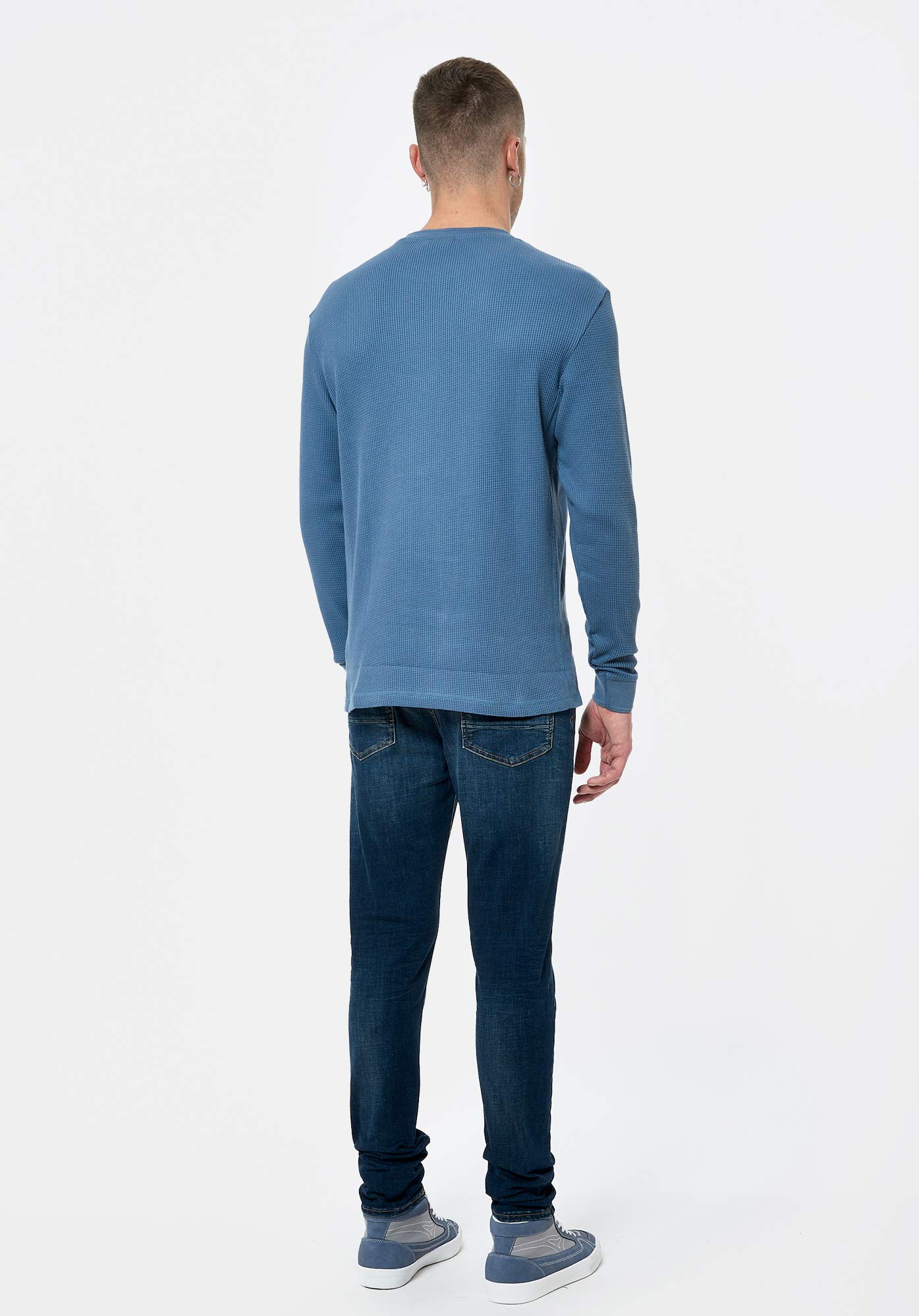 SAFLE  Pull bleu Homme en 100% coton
* * *
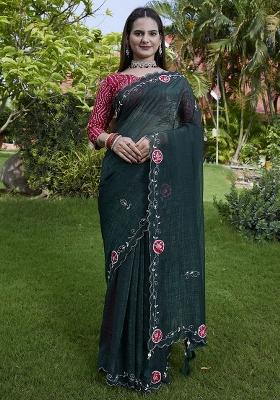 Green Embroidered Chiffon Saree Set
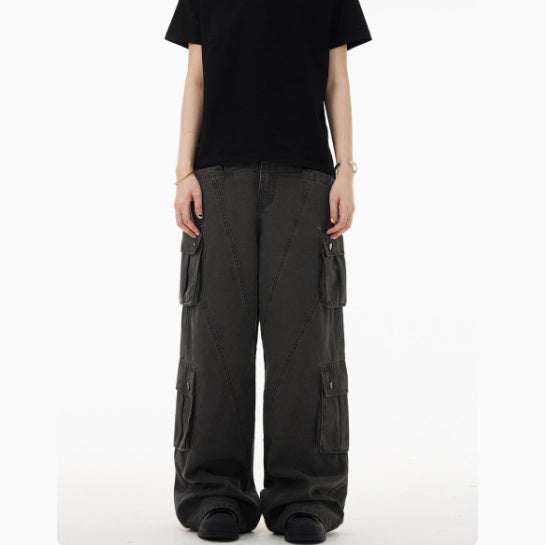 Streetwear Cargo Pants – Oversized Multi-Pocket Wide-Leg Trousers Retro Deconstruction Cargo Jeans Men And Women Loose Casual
* * *
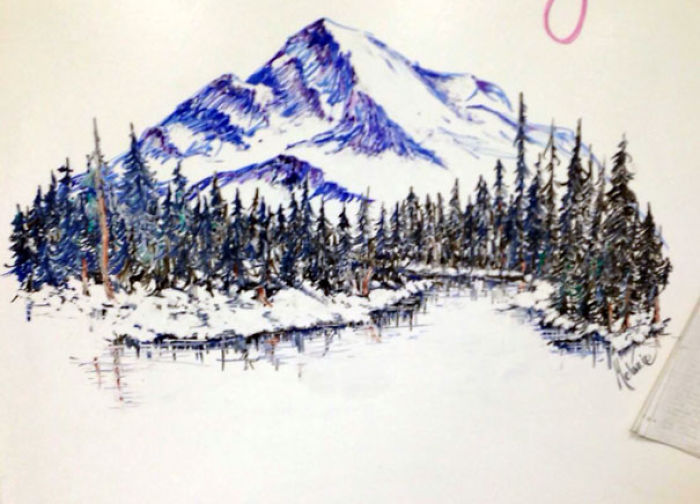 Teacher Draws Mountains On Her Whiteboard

--- Description of the task ---
Write out, word for word, the stretch of entries that begins at the line with "Green Embroidered Chiffon Saree Set" and ends at the line with "Streetwear Cargo Pants". Pictures do not belong in it.

--- Answer to the exercise ---
 Green Embroidered Chiffon Saree Set
 Streetwear Cargo Pants – Oversized Multi-Pocket Wide-Leg Trousers Retro Deconstruction Cargo Jeans Men And Women Loose Casual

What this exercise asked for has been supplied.